Kedua, Kota Medan adalah salah satu kota terbesar di Indonesia dan terkenal. Justru seharusnya Kota Medan harus menjadi kota percontohan kepada kota-kota lain yang jauh lebih kecil. Selain salah satu kota terbesar, Kota Medan juga lebih terkenal dari ratusan kota lain di Indonesia. Ketika kota yang terkenal itu terlihat kumuh dan tak terurus, maka citra Indonesia akan menjadi buruk di mata dunia.
Keadaan infrastruktur Medan ini juga akan menghantam kerja keras Jokowi selama ini. Jangankan ada infrastruktur yang tidak terurus, tidak ada kesalahan saja, Jokowi selalu diserang dari segala lini. Bukan tak mau dikatakan ada kegagalan, melainkan sering kali serangan terhadap dirinya sangat kontra-produktif, sehingga mengganggu laju pembangunan. Maka ketika ada peluang untuk diserang, Jokowi harus bersikap dan bertindak.
Ketiga, presiden akan jadi besan orang Medan.
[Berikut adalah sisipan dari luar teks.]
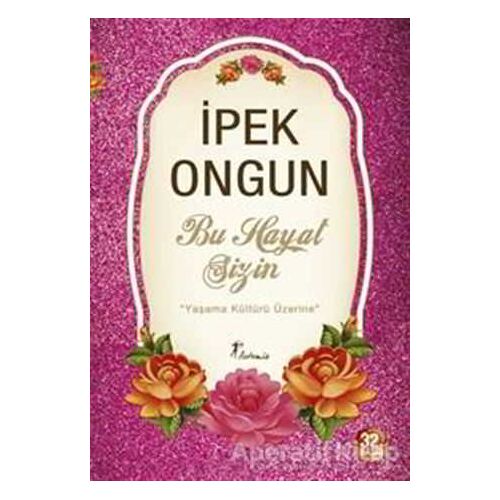 Bu Hayat Sizin - İpek Ongun - Artemis Yayınları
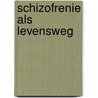 Schizofrenie als levensweg door M. van Nieuwkerk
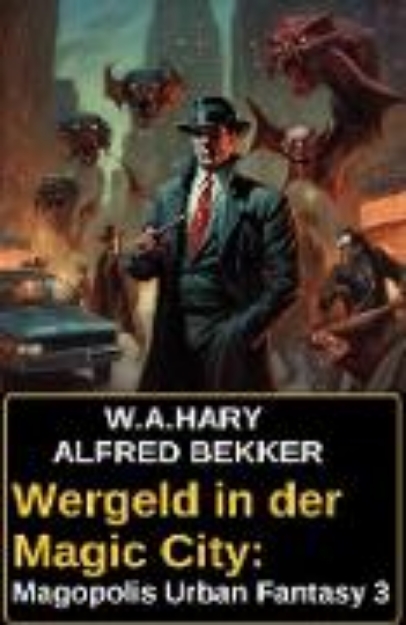 Bild von Wergeld in der Magic City: Magopolis Urban Fantasy 3 (eBook)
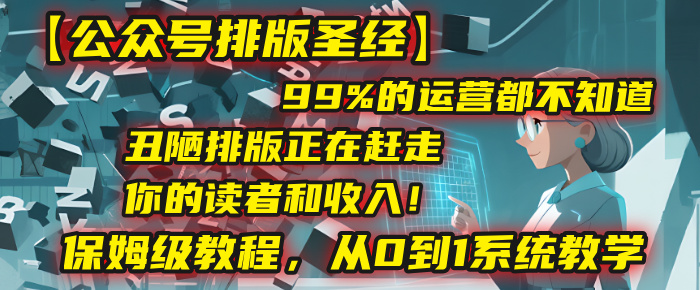 【公众号排版圣经】99%的运营都不知道,丑陋排版正在赶走你的读者和收入!保姆级教程,从0到1系统教学-千图副业网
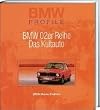 BMW Profile, Bd.3, BMW 02er Reihe, Das Kultauto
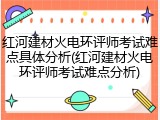 红河建材火电环评师考试难点具体分析(红河建材火电环评师考试难点分析)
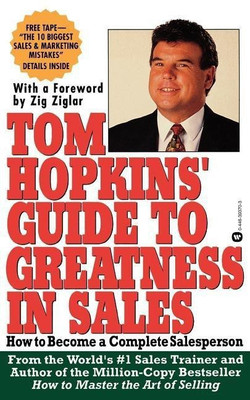 Tom Hopkins Guide to Greatness in Sales(English, Paperback, Hopkins Tom)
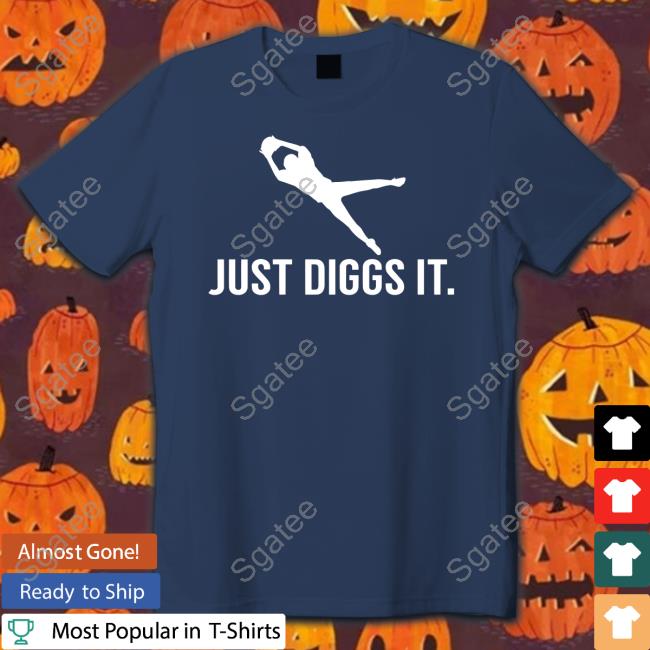 Bullzerk Store Just Diggs It Shirt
Yang ini mungkin agak nyeleneh, tetapi sangat memengaruhi psikologis. Masak sih kota besan presiden seperti itu? Saya sangat setuju kalau presiden adalah orang jujur yang sangat mementingkan kepentingan umum dari pada kepentingan pribadi. Tetapi jika kepentingan pribadi dijadikan untuk menolong orang lain tanpa harus menguntungkan dirinya, apakah tidak boleh.
Terakhir. Ada atau tidak kunjungan presiden ke Kota Medan, sudah seharusnya Kota Medan membenahi diri. Ada atau tidak desakan dari presiden, sudah menjadi kewajiban pemerintah daerah kota Medan untuk bertindak cepat. Ada atau tidak tuntutan masyarakat sudah menjadi hak warga Medan mendapatkan infrastruktur yang baik dan pantas dibanggakan.